But the phrase "between a rock and hard place" comes to mind when considering the position online sellers find themselves when it comes to eBay's requirements, the rock being eBay, and the hard place being shipping carriers. That frequently means the United States Postal Service, for lower volume shippers in particular. The reality is, USPS tracking problems do occur, and eBay judges sellers for factors outside their control.
USPS experiences glitches in which it recycles tracking numbers - see this August news story - and the problem crops up periodically. Last week, a reader wrote to me about duplicate tracking numbers:
"A couple of months ago, I shipped 2 different packages (on different days) with tracking numbers. It turned out that there was a duplicate tracking number on another package (mailed from a different post office here in Miami) for each of the packages that I mailed. I brought this to the attention of the manager at my PO. When I was at the PO this AM, the clerk told me that it happened again to 2 other people. It seems that there are duplicate tracking numbers "floating" around out there that have the potential for creating quite a mess with those of us that sell on eBay. My packages with the duplicate numbers showed the packages being initially scanned at my PO but then going to 2 totally wrong sorting facilities and being delivered to a totally different addresses than my packages were supposed to go to. My packages did end up being delivered to my buyers but the scans never showed that they were delivered (lucky for me that my buyers were honest!)."
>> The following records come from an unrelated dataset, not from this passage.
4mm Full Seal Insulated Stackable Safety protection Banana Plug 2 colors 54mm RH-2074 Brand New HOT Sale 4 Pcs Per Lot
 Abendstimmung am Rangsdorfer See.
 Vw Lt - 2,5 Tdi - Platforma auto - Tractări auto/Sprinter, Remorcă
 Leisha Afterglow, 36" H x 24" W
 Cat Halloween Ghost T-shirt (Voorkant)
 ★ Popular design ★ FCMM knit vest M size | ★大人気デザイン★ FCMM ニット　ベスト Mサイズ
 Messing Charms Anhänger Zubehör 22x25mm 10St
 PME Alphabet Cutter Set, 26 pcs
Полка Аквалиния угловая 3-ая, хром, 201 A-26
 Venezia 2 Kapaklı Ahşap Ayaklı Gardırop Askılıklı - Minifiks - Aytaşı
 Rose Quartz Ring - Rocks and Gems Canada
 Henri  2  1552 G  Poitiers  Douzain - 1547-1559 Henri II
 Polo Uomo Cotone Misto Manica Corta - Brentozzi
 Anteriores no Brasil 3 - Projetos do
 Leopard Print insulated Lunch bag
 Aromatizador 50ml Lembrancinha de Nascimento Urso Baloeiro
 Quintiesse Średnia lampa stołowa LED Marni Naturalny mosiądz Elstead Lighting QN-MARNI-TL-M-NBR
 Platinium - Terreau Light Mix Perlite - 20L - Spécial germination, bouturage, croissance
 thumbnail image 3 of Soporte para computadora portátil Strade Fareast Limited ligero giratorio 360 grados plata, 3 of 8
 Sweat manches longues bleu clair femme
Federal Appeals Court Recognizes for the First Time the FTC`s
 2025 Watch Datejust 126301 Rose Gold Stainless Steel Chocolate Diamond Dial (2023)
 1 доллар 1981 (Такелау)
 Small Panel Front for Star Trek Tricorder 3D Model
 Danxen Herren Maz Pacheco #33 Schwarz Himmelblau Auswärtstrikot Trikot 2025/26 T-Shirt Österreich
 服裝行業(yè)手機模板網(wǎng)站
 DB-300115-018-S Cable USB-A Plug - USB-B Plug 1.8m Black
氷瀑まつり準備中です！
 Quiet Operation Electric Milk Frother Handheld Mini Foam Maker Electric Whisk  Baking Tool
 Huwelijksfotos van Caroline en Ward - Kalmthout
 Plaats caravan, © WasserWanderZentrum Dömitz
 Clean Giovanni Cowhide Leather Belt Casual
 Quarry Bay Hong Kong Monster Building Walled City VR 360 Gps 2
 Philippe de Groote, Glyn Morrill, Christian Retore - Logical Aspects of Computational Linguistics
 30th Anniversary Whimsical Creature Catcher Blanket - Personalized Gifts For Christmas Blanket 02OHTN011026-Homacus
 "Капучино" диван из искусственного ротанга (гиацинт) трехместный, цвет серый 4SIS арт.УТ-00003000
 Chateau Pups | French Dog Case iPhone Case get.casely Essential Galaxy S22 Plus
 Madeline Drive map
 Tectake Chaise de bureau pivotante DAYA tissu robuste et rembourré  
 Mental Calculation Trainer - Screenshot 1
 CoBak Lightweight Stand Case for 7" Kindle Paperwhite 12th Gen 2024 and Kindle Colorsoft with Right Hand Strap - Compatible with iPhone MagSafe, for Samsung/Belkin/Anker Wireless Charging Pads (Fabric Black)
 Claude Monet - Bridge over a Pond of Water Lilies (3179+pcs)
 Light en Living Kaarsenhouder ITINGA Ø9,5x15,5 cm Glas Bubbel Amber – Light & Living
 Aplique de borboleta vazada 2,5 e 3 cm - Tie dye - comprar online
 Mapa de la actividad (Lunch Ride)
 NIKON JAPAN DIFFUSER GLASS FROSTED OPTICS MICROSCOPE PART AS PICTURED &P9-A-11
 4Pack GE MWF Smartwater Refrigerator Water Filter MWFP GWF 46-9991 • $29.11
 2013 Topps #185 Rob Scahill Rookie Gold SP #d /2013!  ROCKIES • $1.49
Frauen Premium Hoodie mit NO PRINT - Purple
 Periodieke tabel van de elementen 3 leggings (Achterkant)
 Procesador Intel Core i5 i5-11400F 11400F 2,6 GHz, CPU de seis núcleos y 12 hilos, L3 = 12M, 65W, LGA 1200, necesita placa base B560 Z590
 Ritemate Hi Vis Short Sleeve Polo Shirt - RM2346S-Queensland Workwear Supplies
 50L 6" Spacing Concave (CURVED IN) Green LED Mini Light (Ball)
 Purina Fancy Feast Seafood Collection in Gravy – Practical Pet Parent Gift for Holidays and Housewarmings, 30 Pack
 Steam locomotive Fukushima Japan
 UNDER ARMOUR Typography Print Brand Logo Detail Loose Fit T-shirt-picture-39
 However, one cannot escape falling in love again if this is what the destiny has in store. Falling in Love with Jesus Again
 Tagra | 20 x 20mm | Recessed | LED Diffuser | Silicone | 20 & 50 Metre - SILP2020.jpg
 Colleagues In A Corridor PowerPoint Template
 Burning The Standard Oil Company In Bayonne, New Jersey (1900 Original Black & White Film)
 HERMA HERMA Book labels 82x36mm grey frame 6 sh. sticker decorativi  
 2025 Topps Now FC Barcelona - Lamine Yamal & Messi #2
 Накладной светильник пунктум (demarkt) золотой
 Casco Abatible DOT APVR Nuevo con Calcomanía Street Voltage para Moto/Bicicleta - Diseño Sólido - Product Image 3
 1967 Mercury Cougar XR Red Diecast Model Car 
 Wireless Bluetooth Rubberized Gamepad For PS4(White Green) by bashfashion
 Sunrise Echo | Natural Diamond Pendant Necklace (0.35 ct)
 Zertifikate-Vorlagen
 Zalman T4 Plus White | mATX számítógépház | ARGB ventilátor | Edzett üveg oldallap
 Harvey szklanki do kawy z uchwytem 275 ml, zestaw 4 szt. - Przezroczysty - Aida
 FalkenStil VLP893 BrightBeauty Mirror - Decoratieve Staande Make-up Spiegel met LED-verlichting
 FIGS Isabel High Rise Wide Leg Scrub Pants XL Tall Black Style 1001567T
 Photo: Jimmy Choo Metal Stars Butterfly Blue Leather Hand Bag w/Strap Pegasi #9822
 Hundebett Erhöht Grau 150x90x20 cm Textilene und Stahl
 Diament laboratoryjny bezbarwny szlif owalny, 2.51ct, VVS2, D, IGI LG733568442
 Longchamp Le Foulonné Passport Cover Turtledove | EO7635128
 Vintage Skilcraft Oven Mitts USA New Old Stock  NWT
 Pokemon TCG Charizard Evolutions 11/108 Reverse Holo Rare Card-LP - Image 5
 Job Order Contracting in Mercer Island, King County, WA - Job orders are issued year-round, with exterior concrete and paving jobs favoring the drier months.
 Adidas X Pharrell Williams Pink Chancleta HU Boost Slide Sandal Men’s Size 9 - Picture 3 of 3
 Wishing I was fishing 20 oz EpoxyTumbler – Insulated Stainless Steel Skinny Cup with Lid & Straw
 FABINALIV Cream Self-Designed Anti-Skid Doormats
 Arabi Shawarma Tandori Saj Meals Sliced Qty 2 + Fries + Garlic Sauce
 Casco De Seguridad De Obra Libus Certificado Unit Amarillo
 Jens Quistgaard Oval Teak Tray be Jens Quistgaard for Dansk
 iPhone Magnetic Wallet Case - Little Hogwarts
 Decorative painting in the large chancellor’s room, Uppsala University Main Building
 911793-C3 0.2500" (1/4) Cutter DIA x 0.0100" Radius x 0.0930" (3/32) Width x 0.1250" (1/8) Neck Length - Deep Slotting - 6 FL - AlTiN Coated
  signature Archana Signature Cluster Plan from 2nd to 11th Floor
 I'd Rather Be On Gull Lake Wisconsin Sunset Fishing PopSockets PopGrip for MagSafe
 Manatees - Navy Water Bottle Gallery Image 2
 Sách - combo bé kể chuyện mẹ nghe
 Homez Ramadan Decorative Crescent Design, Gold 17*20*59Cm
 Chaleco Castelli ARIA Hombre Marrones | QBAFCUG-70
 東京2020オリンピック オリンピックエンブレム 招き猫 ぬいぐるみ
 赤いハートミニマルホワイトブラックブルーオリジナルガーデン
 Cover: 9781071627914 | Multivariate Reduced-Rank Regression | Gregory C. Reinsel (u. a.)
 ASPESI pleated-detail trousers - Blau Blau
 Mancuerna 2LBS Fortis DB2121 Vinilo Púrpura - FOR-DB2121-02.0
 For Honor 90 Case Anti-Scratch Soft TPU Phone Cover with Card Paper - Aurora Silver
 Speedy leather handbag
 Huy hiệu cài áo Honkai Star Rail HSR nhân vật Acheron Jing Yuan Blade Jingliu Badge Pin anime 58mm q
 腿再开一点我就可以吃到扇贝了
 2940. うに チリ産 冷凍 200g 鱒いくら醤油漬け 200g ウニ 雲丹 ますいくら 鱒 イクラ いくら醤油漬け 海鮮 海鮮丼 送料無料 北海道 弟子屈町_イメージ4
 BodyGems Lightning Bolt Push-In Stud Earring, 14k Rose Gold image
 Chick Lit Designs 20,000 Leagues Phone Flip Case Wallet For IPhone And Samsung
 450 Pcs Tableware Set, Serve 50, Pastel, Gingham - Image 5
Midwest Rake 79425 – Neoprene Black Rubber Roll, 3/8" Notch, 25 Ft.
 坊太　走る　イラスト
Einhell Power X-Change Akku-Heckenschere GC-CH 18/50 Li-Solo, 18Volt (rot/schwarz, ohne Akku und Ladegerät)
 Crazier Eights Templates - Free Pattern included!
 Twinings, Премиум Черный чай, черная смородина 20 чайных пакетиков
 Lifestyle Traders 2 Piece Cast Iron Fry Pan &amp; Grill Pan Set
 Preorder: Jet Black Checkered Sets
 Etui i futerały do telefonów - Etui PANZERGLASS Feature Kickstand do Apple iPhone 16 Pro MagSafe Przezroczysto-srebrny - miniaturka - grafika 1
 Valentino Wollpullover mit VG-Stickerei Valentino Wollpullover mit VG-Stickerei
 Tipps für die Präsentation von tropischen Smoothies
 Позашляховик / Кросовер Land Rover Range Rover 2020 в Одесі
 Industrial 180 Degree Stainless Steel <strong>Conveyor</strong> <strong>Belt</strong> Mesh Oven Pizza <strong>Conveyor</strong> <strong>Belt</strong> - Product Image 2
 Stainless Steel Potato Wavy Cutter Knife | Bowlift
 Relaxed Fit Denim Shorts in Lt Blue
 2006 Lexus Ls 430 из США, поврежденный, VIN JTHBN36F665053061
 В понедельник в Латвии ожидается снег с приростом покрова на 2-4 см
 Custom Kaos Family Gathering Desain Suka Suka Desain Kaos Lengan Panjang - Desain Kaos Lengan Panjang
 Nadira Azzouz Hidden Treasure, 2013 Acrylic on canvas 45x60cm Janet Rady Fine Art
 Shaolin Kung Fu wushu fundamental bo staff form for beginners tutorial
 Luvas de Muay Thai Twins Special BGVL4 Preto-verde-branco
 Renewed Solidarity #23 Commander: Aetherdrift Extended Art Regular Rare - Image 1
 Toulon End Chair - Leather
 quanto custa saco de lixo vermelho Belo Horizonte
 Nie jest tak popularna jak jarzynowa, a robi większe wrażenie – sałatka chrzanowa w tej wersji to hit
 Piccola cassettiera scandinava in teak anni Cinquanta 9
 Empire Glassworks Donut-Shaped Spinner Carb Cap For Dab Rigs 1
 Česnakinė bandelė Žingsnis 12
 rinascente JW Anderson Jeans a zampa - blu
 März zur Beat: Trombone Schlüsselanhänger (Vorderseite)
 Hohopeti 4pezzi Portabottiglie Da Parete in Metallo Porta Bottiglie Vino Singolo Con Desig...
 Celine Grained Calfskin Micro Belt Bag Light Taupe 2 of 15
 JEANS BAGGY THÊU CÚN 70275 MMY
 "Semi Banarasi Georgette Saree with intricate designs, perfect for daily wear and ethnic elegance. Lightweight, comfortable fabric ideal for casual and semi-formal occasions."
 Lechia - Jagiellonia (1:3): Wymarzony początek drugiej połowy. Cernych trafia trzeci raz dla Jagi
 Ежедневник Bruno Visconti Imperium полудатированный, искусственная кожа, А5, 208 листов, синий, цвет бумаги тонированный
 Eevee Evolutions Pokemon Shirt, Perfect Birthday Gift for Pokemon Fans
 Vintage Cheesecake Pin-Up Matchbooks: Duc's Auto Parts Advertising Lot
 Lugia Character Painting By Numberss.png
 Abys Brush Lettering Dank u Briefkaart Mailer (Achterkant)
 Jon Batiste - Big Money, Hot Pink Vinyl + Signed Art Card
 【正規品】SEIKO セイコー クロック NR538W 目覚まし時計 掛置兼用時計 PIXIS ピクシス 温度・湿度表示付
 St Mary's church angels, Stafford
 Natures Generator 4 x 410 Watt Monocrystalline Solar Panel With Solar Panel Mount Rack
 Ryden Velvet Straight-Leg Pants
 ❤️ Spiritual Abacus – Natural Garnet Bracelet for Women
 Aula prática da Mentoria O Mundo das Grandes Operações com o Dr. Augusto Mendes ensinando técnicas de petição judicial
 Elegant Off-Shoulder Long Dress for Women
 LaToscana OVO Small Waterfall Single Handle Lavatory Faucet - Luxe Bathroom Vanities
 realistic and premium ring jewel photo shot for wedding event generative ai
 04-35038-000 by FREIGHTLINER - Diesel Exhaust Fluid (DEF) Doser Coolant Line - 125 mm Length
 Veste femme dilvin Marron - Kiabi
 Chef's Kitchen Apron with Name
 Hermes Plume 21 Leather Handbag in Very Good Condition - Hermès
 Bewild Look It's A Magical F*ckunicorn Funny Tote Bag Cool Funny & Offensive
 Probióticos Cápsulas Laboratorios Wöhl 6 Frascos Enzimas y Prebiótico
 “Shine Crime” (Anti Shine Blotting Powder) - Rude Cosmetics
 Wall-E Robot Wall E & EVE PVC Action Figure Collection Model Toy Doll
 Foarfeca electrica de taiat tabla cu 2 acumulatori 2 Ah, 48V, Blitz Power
Another problem I'm increasingly hearing about is a delay in the acceptance scan; it's appears to be a chronic problem since last fall. In a letter published last week, a reader wrote:
"A few weeks ago I noticed that my local USPS was "processing" packages 5 to 7 days after the packages were being dropped. The acceptance scan showed up to a week late, customers were not happy and were accusing me of shipping very late. Delivery was taking 12 days on average, after the "acceptance" date. It was either packages were being sent ground shipping or something else."
Glitches and delays happen - just ask Amazon or any online merchant about the week leading up to Christmas 2013. If eBay is going to rely on USPS tracking to judge sellers' performance, it seems reasonable to make allowances when tracking or delivery goes awry, but it's not clear there's any way for sellers to get a pass when things outside their control go wrong.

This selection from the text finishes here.